Problem:
Look below for the line that contains "Red studio2 madstudios" and the line that contains "Moreton Valence Casa", then restate both of them and every line in between, exactly. No picture goes in the copy.

[Exercise inputs]

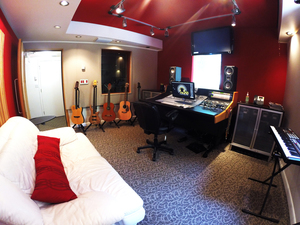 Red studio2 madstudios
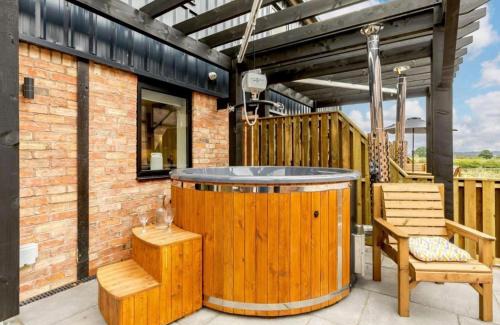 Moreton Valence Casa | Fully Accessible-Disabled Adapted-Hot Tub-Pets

[/Exercise inputs]
[Exercise inputs]

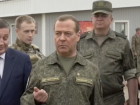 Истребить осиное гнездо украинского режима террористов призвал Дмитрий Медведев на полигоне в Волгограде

[/Exercise inputs]
[Exercise inputs]

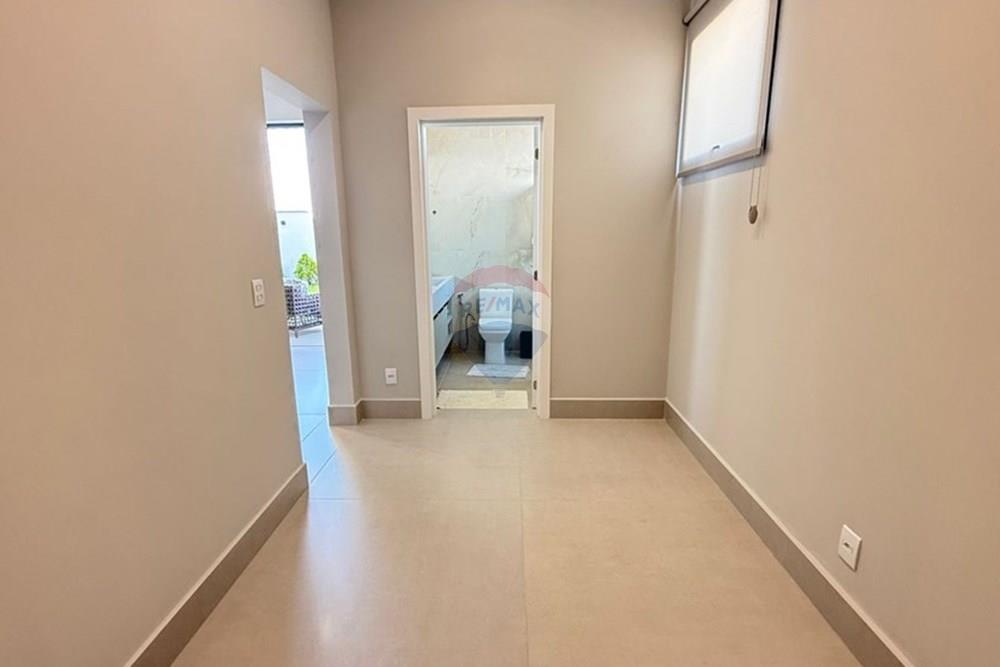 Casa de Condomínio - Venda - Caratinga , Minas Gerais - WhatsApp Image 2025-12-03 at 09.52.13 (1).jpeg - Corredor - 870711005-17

[/Exercise inputs]

Response to this task:
 Red studio2 madstudios
 Moreton Valence Casa | Fully Accessible-Disabled Adapted-Hot Tub-Pets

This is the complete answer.